Theodorou T, Hales P, Gillespie P, Robertson B. Total intravenous versus inhalational anaesthesia for colonoscopy: a prospective study of clinical recovery and psychomotor function.
Anaesth Intensive Care 2001;
29:124-36. [PMID:
11314831 DOI:
10.1177/0310057x0102900206]
[Citation(s) in RCA: 13] [Impact Index Per Article: 0.6] [Reference Citation Analysis] [What about the content of this article? (0)] [Affiliation(s)] [Abstract] [MESH Headings] [Track Full Text] [Journal Information] [Subscribe] [Scholar Register] [Indexed: 10/27/2022]
Abstract
A randomized, prospective study was conducted on 69 patients comparing recovery after two different anaesthetic techniques for ambulatory colonoscopy.
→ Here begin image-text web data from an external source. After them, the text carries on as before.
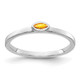 14k White Gold Bezel-set Marquise Citrine Ring RM4327-CI-W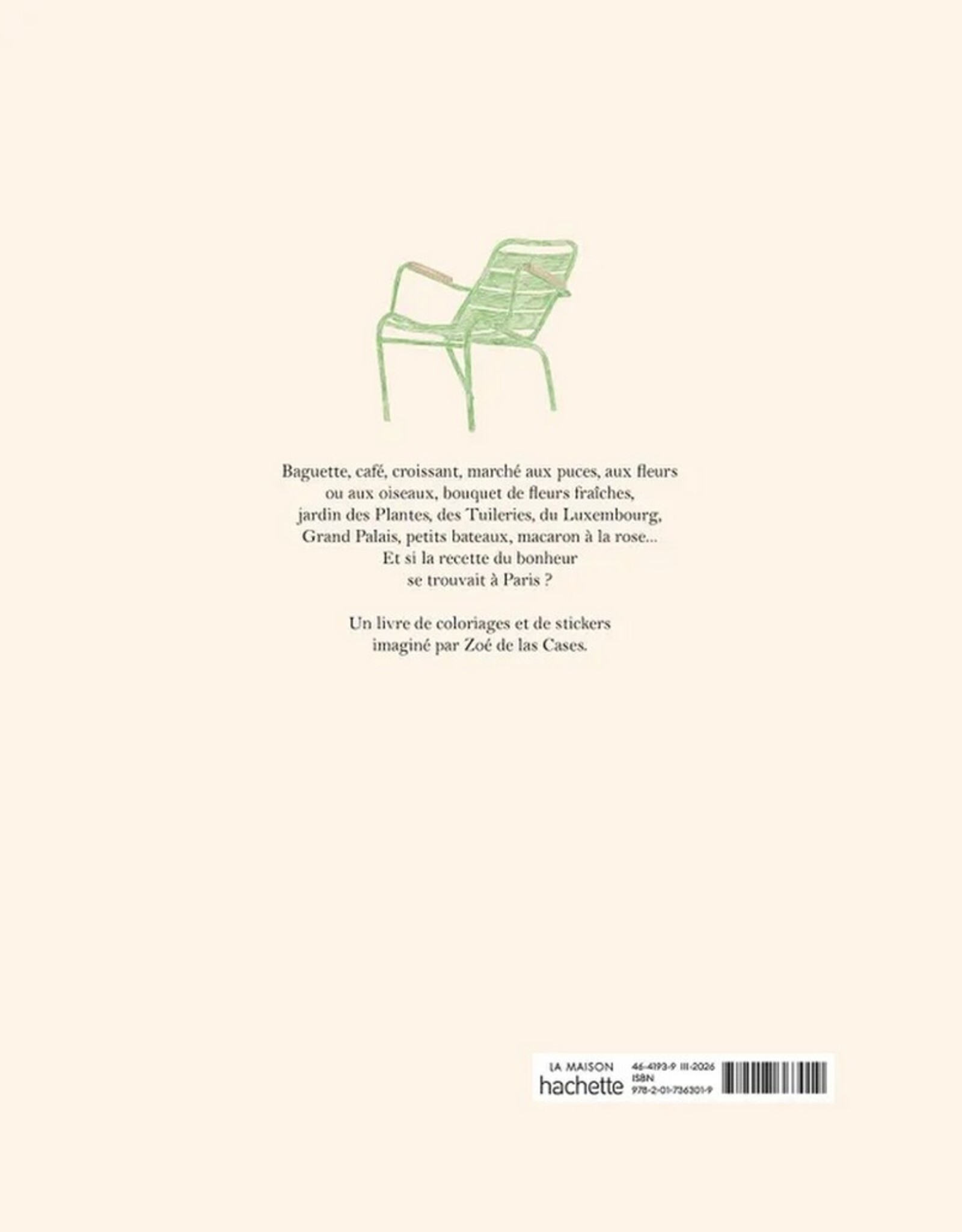 Hachette Livre Kleur- en stickerboek Paris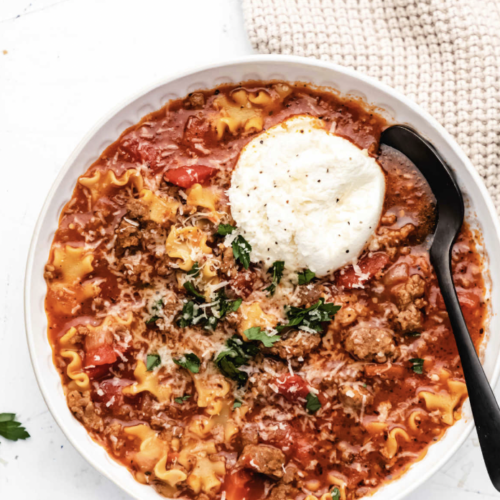 Delicious instant pot lasagna soup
Thirty-five patients received an intravenous fentanyl (1 microg/kg), midazolam (0.05 to 0. 075 mg/kg) and propofol (10 to 20 mg boluses as required) combination. 34 patients received sevoflurane in 67% nitrous oxide. Drug administration was titrated to clinical signs. At baseline and 30, 60, 90 and 120 minutes after the procedure patient performance on a comprehensive battery of psychomotor tests was recorded. Emergence times were noted. Depth of sedation was assessed at 5 minute intervals for 30 minutes after the end of the procedure. Emergence times were faster in the fentanyl/midazolam/propofol group by 2.2 minutes. A lower sedation score was detected at 20 minutes in the sevoflurane/nitrous oxide group. Psychomotor impairment was of a greater magnitude and more prolonged by 30 to 90 minutes in the fentanyl/midazolam/propofol group. It is concluded that a sevoflurane/nitrous oxide anaesthetic has a suitable recovery profile for ambulatory colonoscopy and results in faster recovery of cognitive function compared with a fentanyl, midazolam and propofol combination.